I have been having panic attacks all day, and have already spoken to people on the phone, but the anxiety keeps coming back. I haven't been able to do any work, and feel physically ill.

I don't know if this sort of worry is totally normal, and I'm being irrational? I wish I could have someone here so I'm not alone with them, but there's no-one I could ask, and I think it wouldn't be fair to ask that of a friend anyway. Besides which, I think it would upset my partner even more.

I just don't know. I've thought about telling them how anxious I am, but I fear that would make things even worse.

3 Replies 3

Sophie_M
Moderator
Moderator
Dear FisherHawk

Thank you for being part of the Beyondblue community forums and for sharing how you feel. It sounds like your battling with some pretty heavy thoughts including thoughts about your ex self-harming and blaming you and thoughts about them hurting you. We imagine that having those thoughts must feel really overwhelming.

Breaking up is never easy, especially if your partner has a history of self-harm/suicide. We believe it is only natural to feel a little worried about them. However, it does seem this worry has become quite difficult for you and it is important that you look after yourself.  We encourage you to get some professional support. You're always welcome to contact the Beyond Blue Support Service on 1300 22 4636 or on Webchat 3pm-12am AEST via our website (www.beyondblue.org.au/getsupport). We can provide you with some counselling, advice and referrals.  We thought we'd link you this article on anxiety management strategies (linked here) as it may be useful for you. Also, remember that services for people with suicidal/self-harm issues exist, such as Lifeline  (13 11 14) and Suicide Call Back Service (1300 659 467). Your partner is always welcome to call them if they are having such thoughts. 

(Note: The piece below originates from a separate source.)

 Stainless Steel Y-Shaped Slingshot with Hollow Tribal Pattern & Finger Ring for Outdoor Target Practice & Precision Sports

We hope that you find the forums useful and comforting. We encourage you to continue to reaching out here on your thread as you feel up to it. 

Sweesoft
Community Member

Hi there,

Communication is a critical part of any relationship, and if you want to still work things out, you have to make a move to cultivate this. Try asking for help from counselors. They might be able to help.

Thanks Sweesoft, we are speaking to a couples counsellor, and other therapists individually.

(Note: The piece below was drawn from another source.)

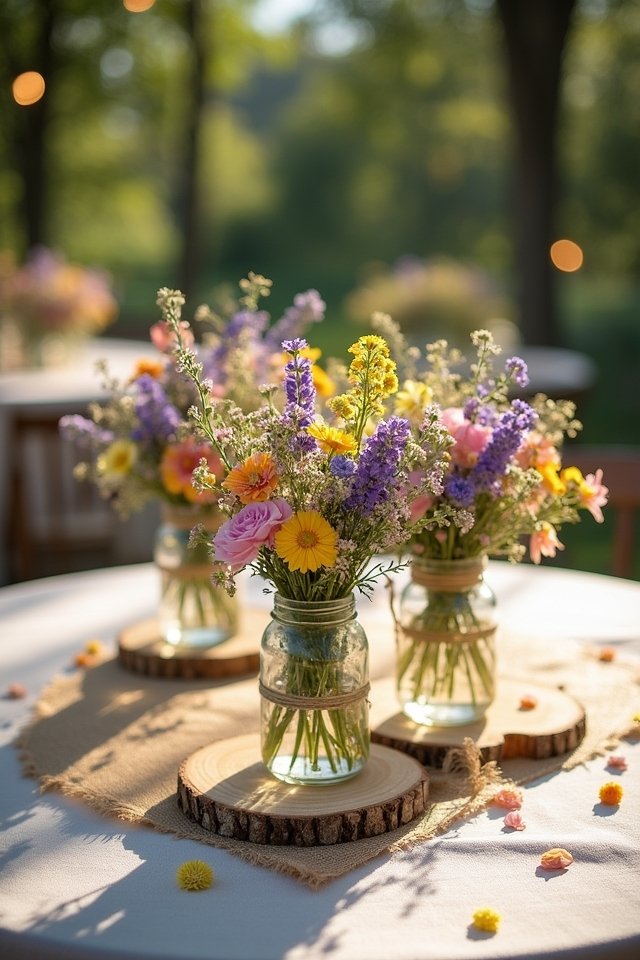 rustic vibrant wildflower arrangements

The difficulty with communication is that our relationship largely centres around my partner's mental illness. Everything I say and do revolves around not triggering their depression. Any wrong step is accusations of manipulation and recriminations. I messed up and lost the opportunity for open and honest communication long ago, when I started tailoring my behaviour around their suicide ideation.

At this stage I don't feel I'd be emotionally safe to have an honest discussion with them unless a counsellor were physically present, or we were remote counselling from separate locations. Neither of which is possible on short notice.

It's too late now though. I'm already receiving messages that everything is my fault, and I'm a monster. I think they'll be alright for now, but my nerves are definitely up again worrying about tomorrow.